Microsoft have done a good job making the patching process for Skype for Business as simple as possible but over time it is possible that you may suddenly come across a server that will just not install a CU.

When you look at the logs the error doesn’t give you a lot of information to work on:

Executing command: msiexec.exe  /update “Server.msp” /passive /norestart /l*vx “c:patchesServer.msp-SRV01-[2018-11-28][19-27-42]_log.txt”

ERROR 1603: Server.msp had errors installing.

ERROR: SkypeServerUpdateInstaller failed to successfully install all patches

Right.

Luckily if does give you a log file in the first line. A REALLY BIG log file.

If you search for “error” then you will likely find a few but don’t get too worried. In particular one entry points you yet another log.
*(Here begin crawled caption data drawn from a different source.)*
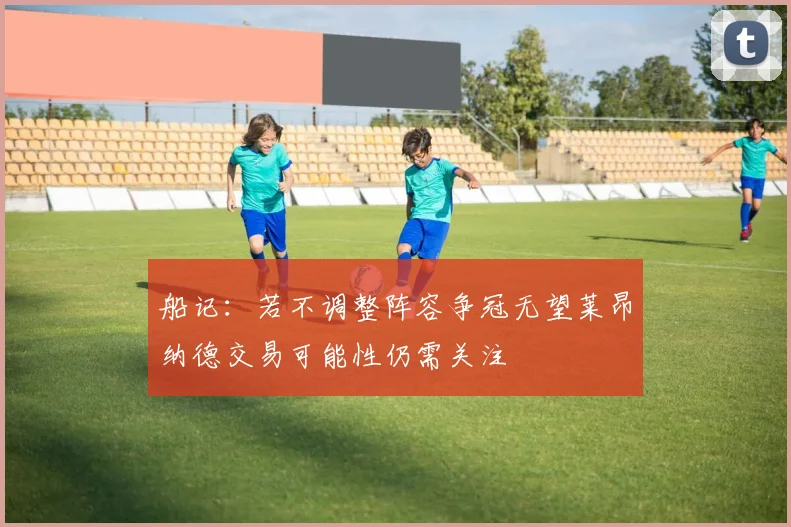 船记：若不调整阵容争冠无望莱昂纳德交易可能性仍需关注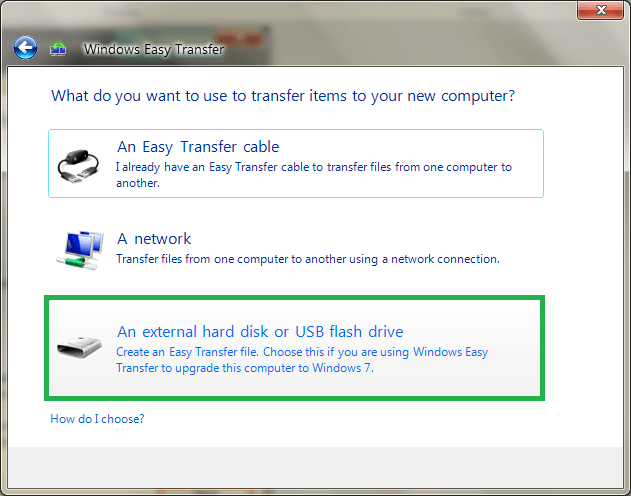 Choose the option An external hard disk or USB flash drive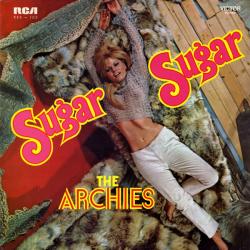 THE ARCHIES Sugar Sugar Виниловая пластинка THE ARCHIES Sugar Sugar Виниловая пластинка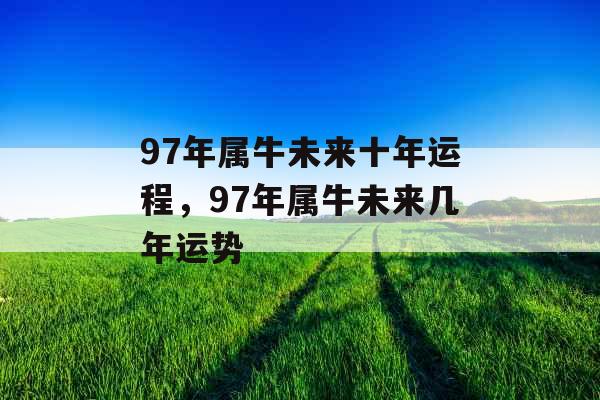 97年属牛未来十年运程，97年属牛未来几年运势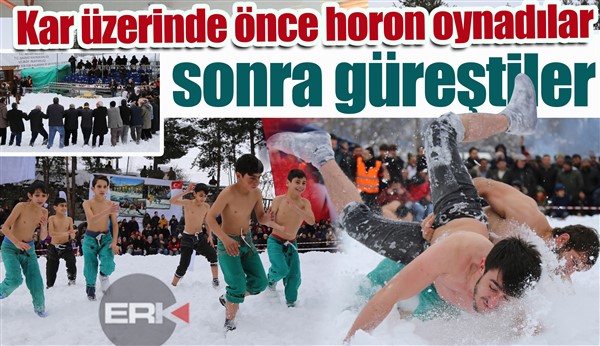 Kar üzerinde önce horon oynadılar sonra güreştile
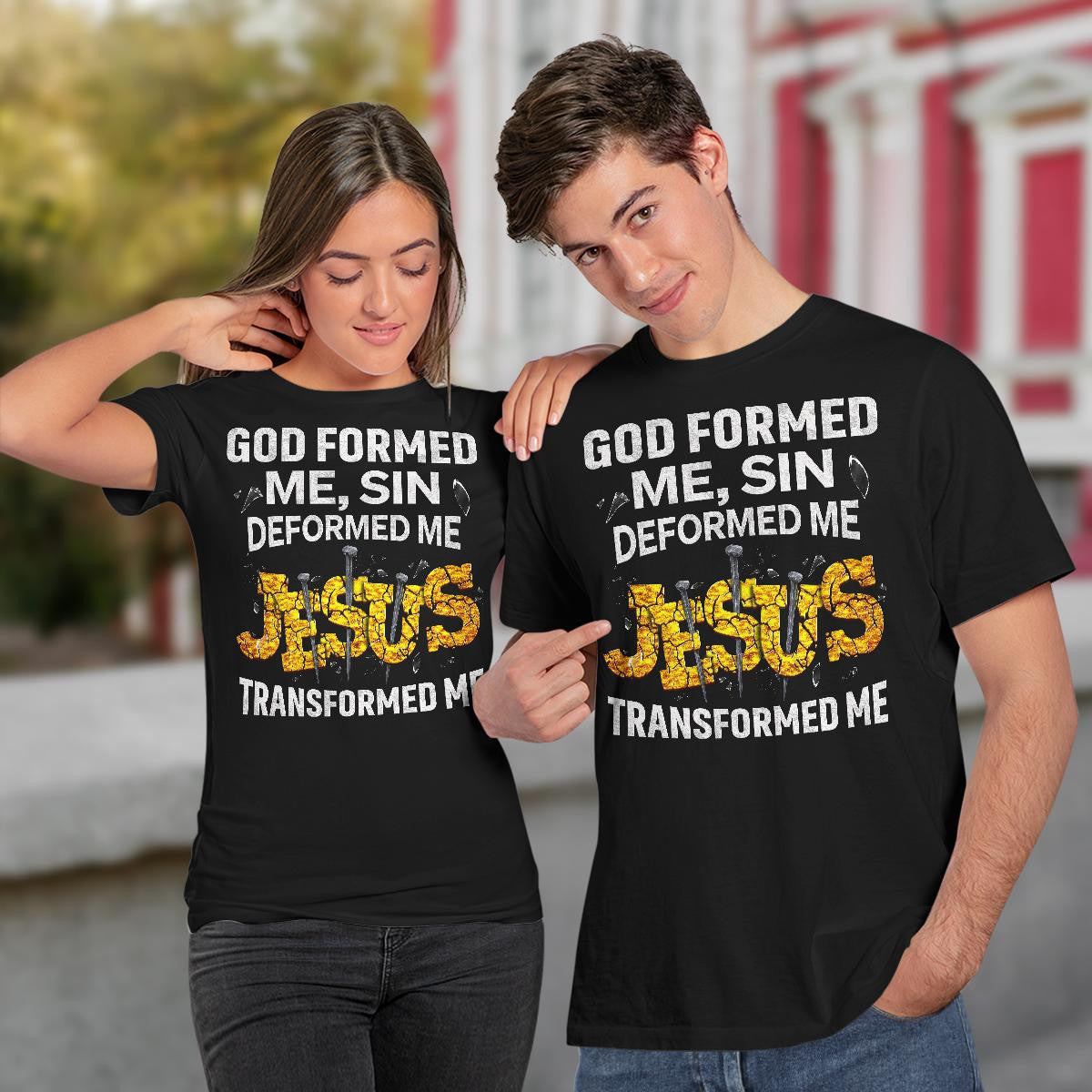 God Formed Me Sin Deformed Me Jesus Transformed Me God T-Shirt, Jesus Sweatshirt Hoodie, Faith T-Shirt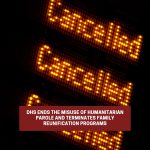 DHS ends the improper use of humanitarian parole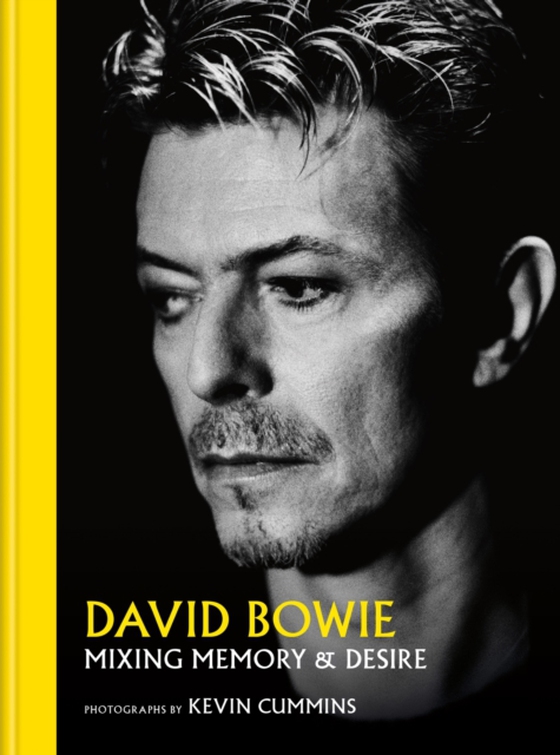 David Bowie Mixing Memory & Desire (e-bog) af Cummins, Kevin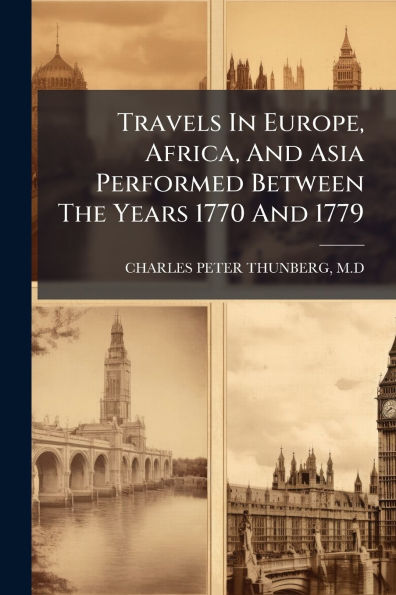 Travels Europe, Africa, And Asia Performed Between The Years 1770 1779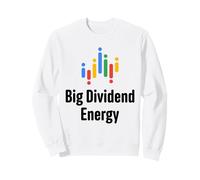 Big Dividend Energy Funny Finance Dividends Investisseur Sweatshirt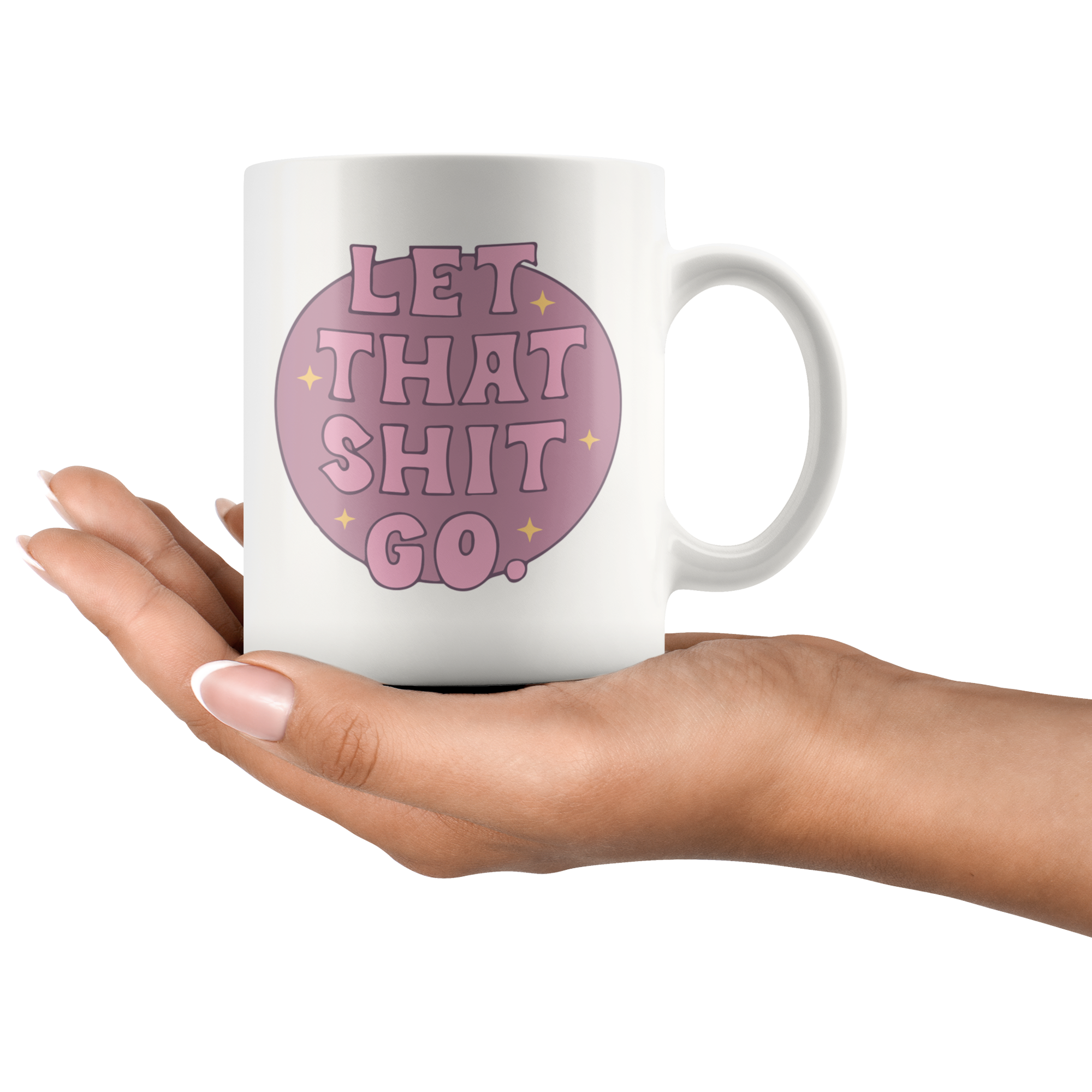 Let That Sh*t Go Coffee Mug Let That Sh*t Go Coffee Mug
This is located in the AppData\Local\Temp folder of the user running the upgrade and is called LCSSetup_Commands.txt. Inside this you will find the following information:

Install-CsDatabase : Command execution failed: Install-CsDatabase was unable to find suitable drives for storing the database files. This is often due to insufficient disk space; typically you should have at least 32 GB of free space before attempting to create databases. However, there are other possible reasons why this command could have failed. For more information, see http://ift.tt/1Og9jlm

So it seems that Skype for Business won’t patch the database if the disk on the server drops below a certain threshold. This log mentions 32GB but we’ve found that it will go lower than this.

After a bit of housekeeping the patch will run through successfully.
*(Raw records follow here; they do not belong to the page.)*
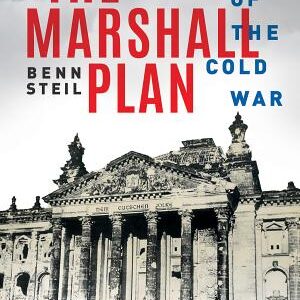 The Marshall Plan: Dawn of the Cold War
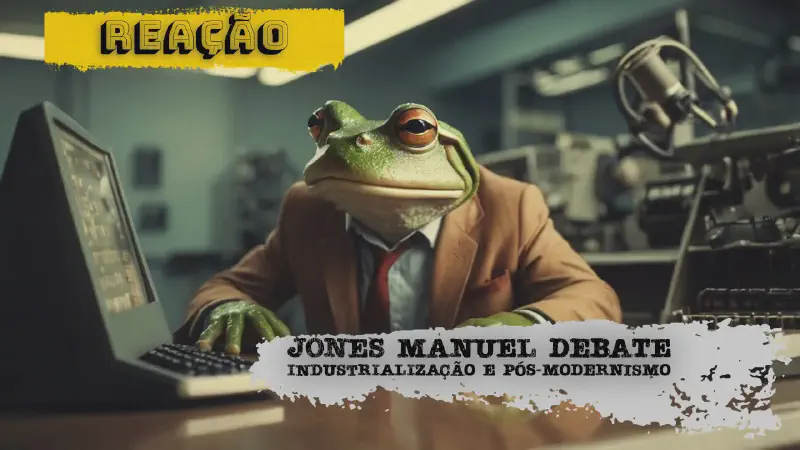 Featured image of post Reação: o interessante vídeo do Jones Manoel sobre Industrialização e pós-modernismo
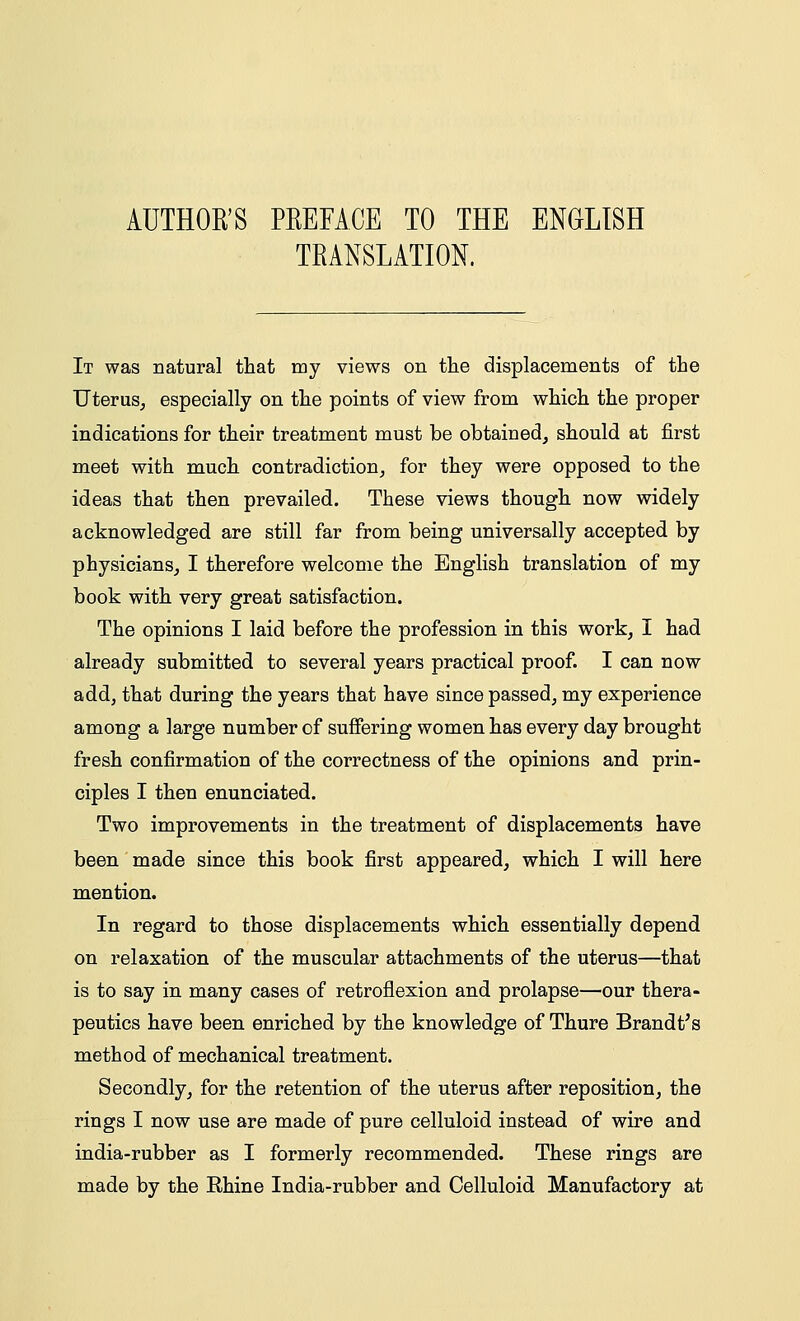 AUTHOR'S PREFACE TO THE ENGLISH TRANSLATION. It was natural that my views on the displacements of the Uterus, especially on the points of view from which the proper indications for their treatment must be obtained, should at first meet with much contradiction, for they were opposed to the ideas that then prevailed. These views though now widely acknowledged are still far from being universally accepted by physicians, I therefore welcome the English translation of my book with very great satisfaction. The opinions I laid before the profession in this work, I had already submitted to several years practical proof. I can now add, that during the years that have since passed, my experience among a large number of suffering women has every day brought fresh confirmation of the correctness of the opinions and prin- ciples I then enunciated. Two improvements in the treatment of displacements have been made since this book first appeared, which I will here mention. In regard to those displacements which essentially depend on relaxation of the muscular attachments of the uterus—that is to say in many cases of retroflexion and prolapse—our thera- peutics have been enriched by the knowledge of Thure Brandt's method of mechanical treatment. Secondly, for the retention of the uterus after reposition, the rings I now use are made of pure celluloid instead of wire and india-rubber as I formerly recommended. These rings are made by the Ehine India-rubber and Celluloid Manufactory at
Skype for Business Web Sites Fail to Work Using Microsoft Web Application Proxy

In a classic case of skim reading the documentation we had trouble publishing a Skype for Business environment externally using a Microsoft Web Application Proxy (WAP). This was mainly impacting the Skype for Business mobile client which was failing to log on.

You could still access all of the standard web sites through a browser such as dialin and meet though.

This happened due to a missed step when setting up the WAP. If the internal and external URLs are different, you need to disable the translation of URLs in the request headers. Use the following powershell command on the WAP server.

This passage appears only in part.